Containing many references to those who had inspired the artist and littered with indications of his tortured soul, the letter, written on February 9 or 10, 1890, had long been at the top of the Van Gogh Museum’s list of correspondence it wished to recover, theguardian.com wrote.
On Thursday, after securing it at auction last month, receiving a donation to cover the full €107,900 sale price from the Hong Kong tycoon Cheung Chung-kiu and his wife, Cecilia, the museum in Amsterdam was finally able to put the letter on public display for what is believed to be the first time.
Having passed through the hands of private collectors around the world, the letter had been purchased in 2007 by the murky Aristophil investment scheme, the world’s biggest buyer of historical manuscripts, before an auction where the Van Gogh Museum had hoped to secure it.
It was only after Aristophil’s bankruptcy, and the arrest of those who ran it on charges of fraud, including Gérard Lhéritier, known as the man who turned paper into gold, that the coveted letter finally emerged back on the market in Paris.
“The great thing about it is that as far as we know it has hardly been shown in public.
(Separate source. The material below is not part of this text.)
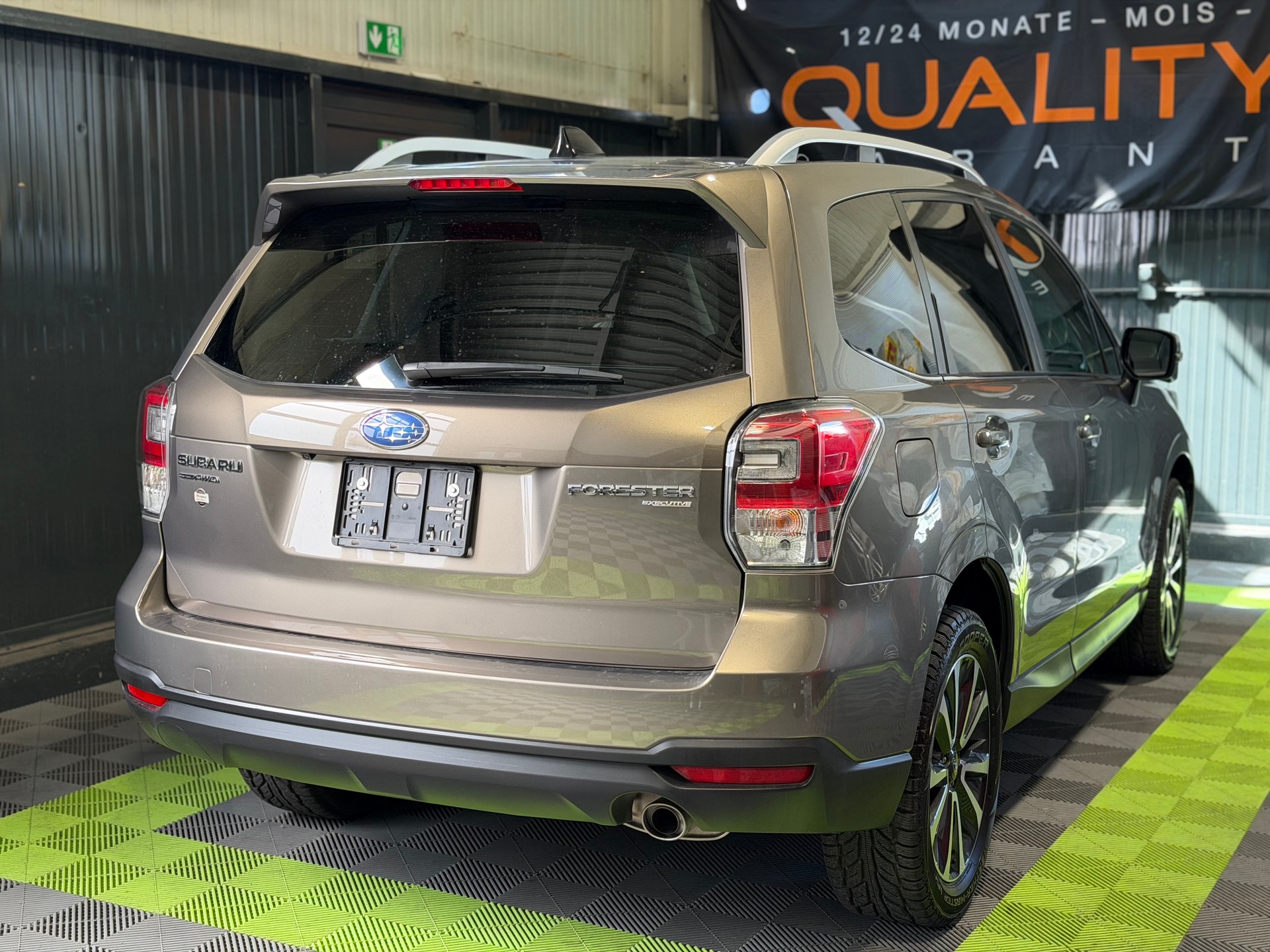 SUBARU Forester 2.0i Executive Lineartronic-image-3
So this is the first time, we expect,” said the museum’s curator of prints and drawings, Fleur Roos Rosa de Carvalho.
“It was on top of our list because it is such an important letter. Most of the letters on our wish list have sketches on them. This one has not, but the content of it is so moving and rich that we thought we should pursue it.”
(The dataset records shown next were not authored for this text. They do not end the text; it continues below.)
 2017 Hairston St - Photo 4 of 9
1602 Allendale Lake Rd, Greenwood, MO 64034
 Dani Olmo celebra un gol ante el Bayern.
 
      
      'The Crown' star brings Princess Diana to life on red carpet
Aurier, who was also a poet, had seen two Van Gogh exhibitions before writing in the January 1890 edition of the Mercure de France magazine a piece entitled Les Isolés in which he claimed that what characterized the artist’s work was “excess, excess in strength, excess in nervousness, violence in expression”.
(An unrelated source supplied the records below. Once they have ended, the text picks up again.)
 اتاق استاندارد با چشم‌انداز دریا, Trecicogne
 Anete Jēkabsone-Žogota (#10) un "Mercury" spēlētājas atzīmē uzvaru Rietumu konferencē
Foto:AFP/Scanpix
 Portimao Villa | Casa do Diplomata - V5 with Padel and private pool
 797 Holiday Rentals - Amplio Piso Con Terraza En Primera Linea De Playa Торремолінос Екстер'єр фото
“In his letter Van Gogh is trying to level with Aurier in the use of his language,” De Carvalho said. “He is very happy to have this review and he writes to his brother Theo, at the same time, that it is like getting a golden medal at the Salon if he were more a more traditionalist artist. He asked his brother to share the review with all his friends and artistic colleagues.”
But De Carvalho said the essence of Van Gogh’s letter, written less than two years after he had cut off his ear following a passionate row with his fellow artist Paul Gauguin, was that Van Gogh did not feel worthy of the praise.
She said “He feels like it is too much attention for him individually and he is so indebted to other painters such as Gauguin and more obscure ones such as [Adolphe] Monticelli, and he wants to stress that it is not an individual achievement but that he is standing on the shoulders of others.”
The letter explains some of Van Gogh’s working methods, and the emotions he felt when painting. “He is thinking of giving Aurier a painting as a gift and he says: ‘You have to wait for the study to dry for a year.’ It makes you think: How thick is the paint?”
Having lived and worked in Britain as an art dealer, Van Gogh also writes in his letter that “the most astonishing Monticellis have been in Scotland and England”, and implores the art critic to view them.
De Carvalho said “It is a misconception that he wasn’t valued during his lifetime because at the end he was getting quite well known in certain artistic circles but he found that somehow hard to deal with. So there is a lot of mixed emotion. He is proud but also feeling that he is not there yet, not yet deserving of the praise.”
Van Gogh died five months later from a shot to the stomach in an apparent suicide.